December 2019 Update: The Museum’s TBM Avenger has been restored and is proudly displayed in Hangar 79.

Posted on March 26, 2018
By Burl Burlingame | [email protected] | Pearl Harbor Aviation Museum

My father flew P-51 Mustangs during the war, and when I was a wee lad, building a model kit of one, I asked him what color the inside of the cockpit was. “Hell if I know,” he answered, “all I remember is that when we flew inverted, the gum wrappers fell up into the canopy.”

Stop the presses! A pilot actually admitting he wasn’t sure about something? They say you can always tell a pilot, but you can’t tell ‘em much.

Which brings us, naturally, to restoring our TBM Avenger, now under way in the Ted Shealy’s shop. It will be painted, as accurately as possible, as young naval lieutenant George H.W. Bush’s aircraft during WWII. But the key words above are “as possible.” Every restoration is an interpretation, using the best archival sources available. As much as possible, these are original photographs, technical orders, erection-and-maintenance manuals, period publications, color chips and mixes and other materials. We also can’t use environmentally unfriendly materials that were common during the war.

The absolute worst archival source available, unfortunately, is the human memory. One of the first things to fade is an accurate sense of color (oddly, the memory of smell is one thing that really sticks with you, for decades). Old pilots might be sure about everything, but we always have to check the details. And, like my father, keeping track of minute color, camouflage and livery details wasn’t on the top of a pilots’ checklist. No matter what they might tell you today. I’ve had old pilots argue with photographs they’re holding in their hands.

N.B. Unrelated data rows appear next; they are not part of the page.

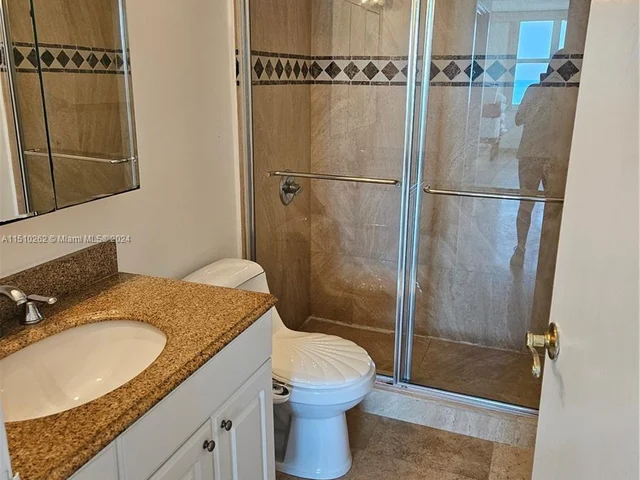 5601 Collins Ave # 1605, Miami Beach FL 33140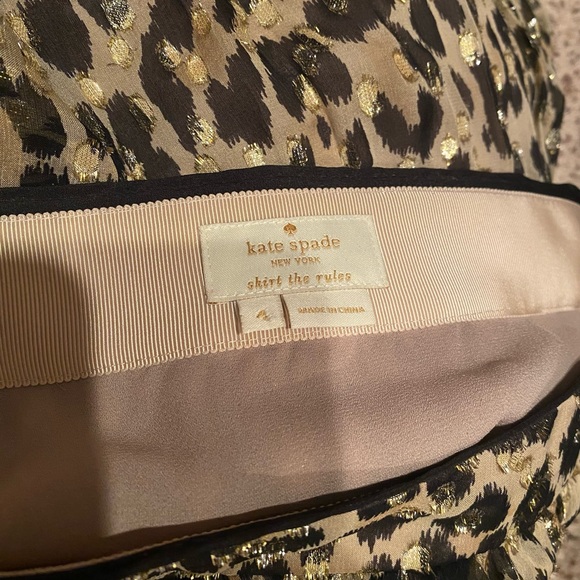 Kate Spade clipped dot skirt. Like new. Sz.4 - Picture 4 of 5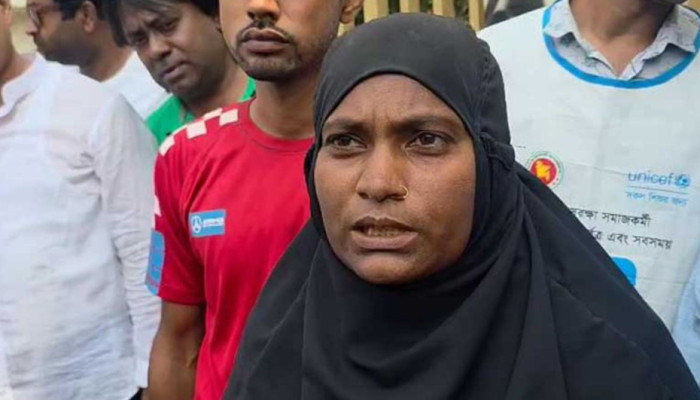 ​তিন আসামির খালাসের রায়ে ক্ষুব্ধ আছিয়ার মা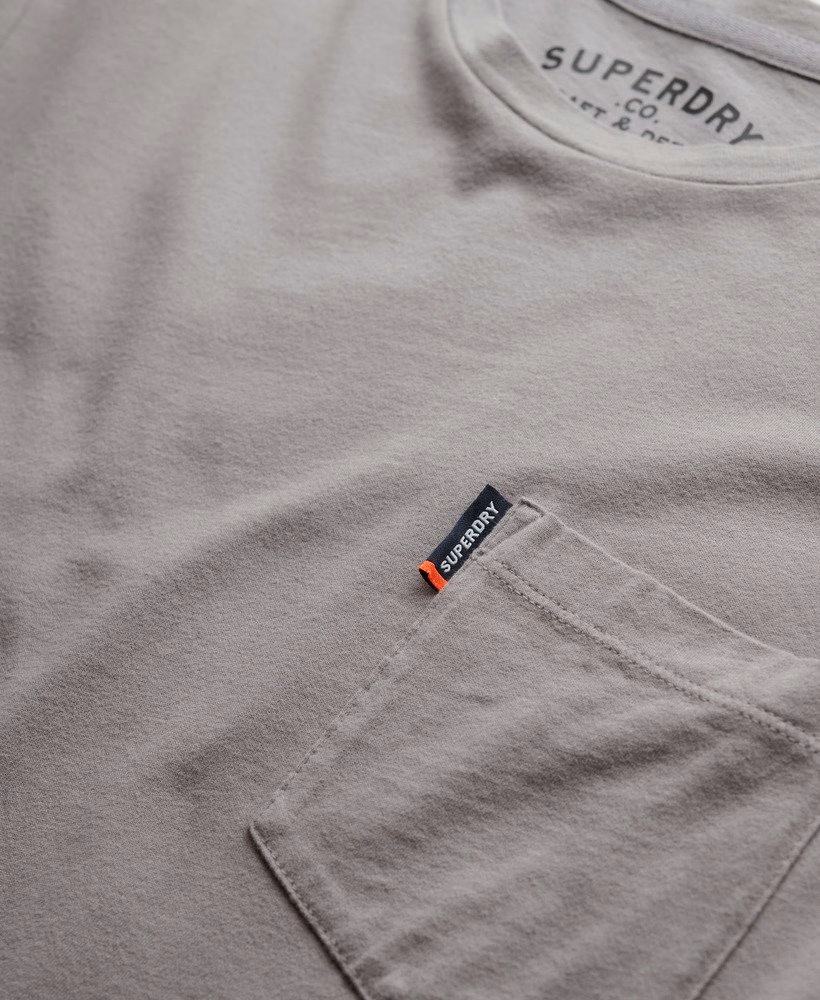 Klasyczny, niezbędny T-shirt z kieszenią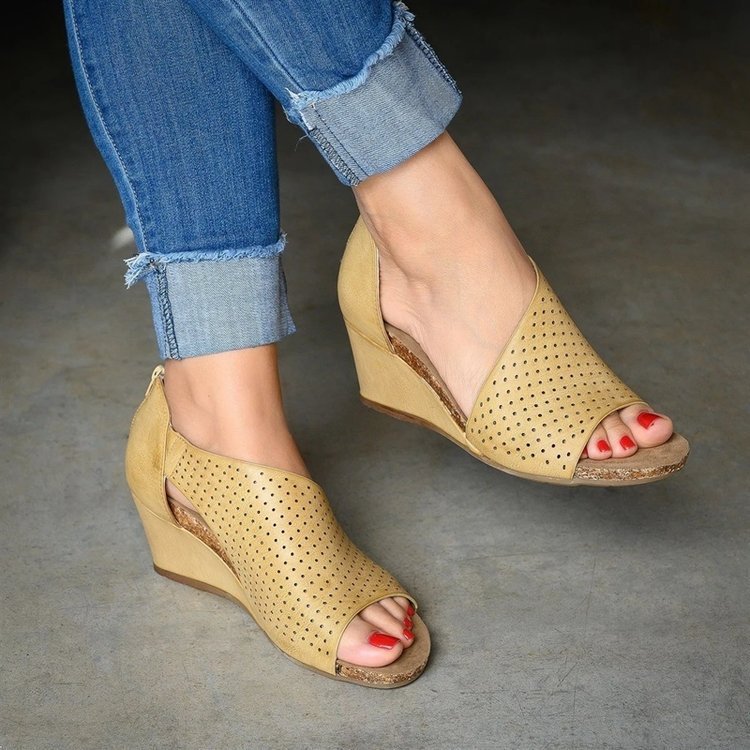 Andrea's™ | Römersandalen mit Keilabsatz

Lt. Bush flew aboard light carrier San Jacinto (CVL-30), and there are only a couple of photographs of him that show him with a TBM. One shows him and his crew standing next to a TBM tailfin with a dark band and the codes “X2” on it. It is assumed by most historians that this is his plane — Bush himself doesn’t know. Curiously, some reconstructions of his plane show the code “X3” and other “X2” — and others show variations of “X2.”

“X2” itself, however, is a good clue. San Jacinto’s ID code during 1944 was the letter X — it later changed to a white square — and if the picture is mid-1944, that means the camouflage pattern on the TBM is almost certainly the three-color graded naval scheme used before they switched to an overall dark blue camouflage.

We get all that just from the letter X. But more photographs or period publications would be even better!

By coincidence, our C-47 also has the letter X in her livery. We knew it from squadron records, and from a fuzzy photograph, but even better, as we carefully sanded down the strata of paint applied over the decades, the shadow of the X appeared, right where we thought it would. Whew!


TBM Bush Barbara III — Clearly one of Bush’s Avengers (it was rare to have personal names on Navy planes) this is Barbara III. It is not known if this is the plane he was shot down in, or if this is X2 of VT-51. What happened to Barbara I and Barbara II?


TBM Bush in cockpit — This closeup of Bush in the cockpit of an Avenger is taken from the squadron scrapbook, and may be a posed picture. It doesn’t give us any information about his aircraft.


TBM Bush X2 — Bush and his crew in front of an Avenger tail marked X2. The dark stripe behind the codes is non-standard, as is the placement of the letters, and we do not know if this is his actual aircraft.


TBM X5 of VT-51 — Another Avenger from VT-51 shows how the camouflage and markings were usually applied aboard USS San Jacinto. We have to assume Bush’s plane was similarly marked.